I read a little past Chapter Three. What seems to be happening mostly
is the blacks and their white sympathizers are forming committees which
meet with the white establishment who generally agree with them but then
do nothing. The black schools were overcrowded and the white schools
had empty room, but the, what does the guy call it, the civic credo,
just sat there and said no, everything was perfectly normal, there was
no segregation going on. Apparently if there were no laws specifically
for segregation, then it was not happening. I remember that phrase, de
facto segregation being thrown around. Boy was that guy Willis a
bastard or what?
But I don't remember much of this happening while I was in high school.

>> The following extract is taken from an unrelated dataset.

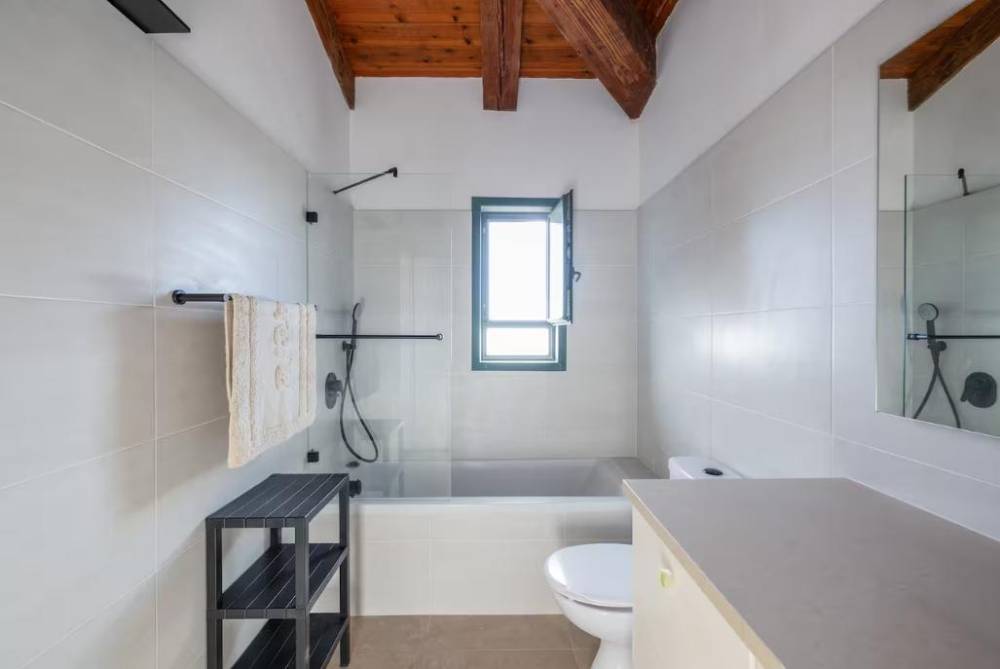229622 חדרי השינה והרחצה, אחוזת בלו ביי נתניה - Blue Bay Mansion, וילה  בנתניה וילות - Vila 4 U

Well it was happening east of Western which might as well have been the
far side of the moon. It was an area we passed through on the 55th
street bus on the way to downtown. At some point going east on 55th we
would enter the colored neighborhood and suddenly black people would be
getting on the bus, mentally we would be rolling up our windows. What
if the bus broke down right here in the middle of the ghetto? Would the
neighborhood people rush in and kill us all? Well probably not, still
we squinched up a little in our seats.
But Gage Park High School remained lily white (I wonder when it got its
first black students), and further south in Marquette Park the locals
were vowing THEY will never get this park, because as soon as a black
person dipped his fishing pole into the lagoon it would no longer be fit
for white people.
Anyway that whole storm seemed far away in June of 1963 when you flew
off to Alaska and I had a summer of ushering at the State Lake showing
Cleopatra before being driven down to my dorm in Champaign. I was only
dimly aware of it and don't remember even having an opinion.
Those first couple years at College were years of isolation for me. In
Chicago my parents got the Tribune and sometimes I would buy the Daily
News or the Sun-Times, I guess just to get a little more news. I have
always loved newspapers. But I wasn't reading any of them in
Champaign.
I came back to Chicago in the summer of 64 and took some courses at a
junior college in Bogan High School. I remember the Gulf of Tonkin took
place then and my attitude was let's get those rotten commies. In the
summer of 1965 I came back to a job packing bibles by Archer and Canal,
ate my lunch of olive loaf sandwiches on Wonder Bread wrapped in that
tangy wax paper singing Dylan songs to myself, on the cusp of hippiedom.
The summer of 1966 I stayed in Champaign, ostensibly to take a course I
had flunked the semester before, but actually to hang out with my new
beer drinking dope smoking hippie buddies, but I did make a couple trips
up to Chicago that summer, and as you say, the shit had hit the fan.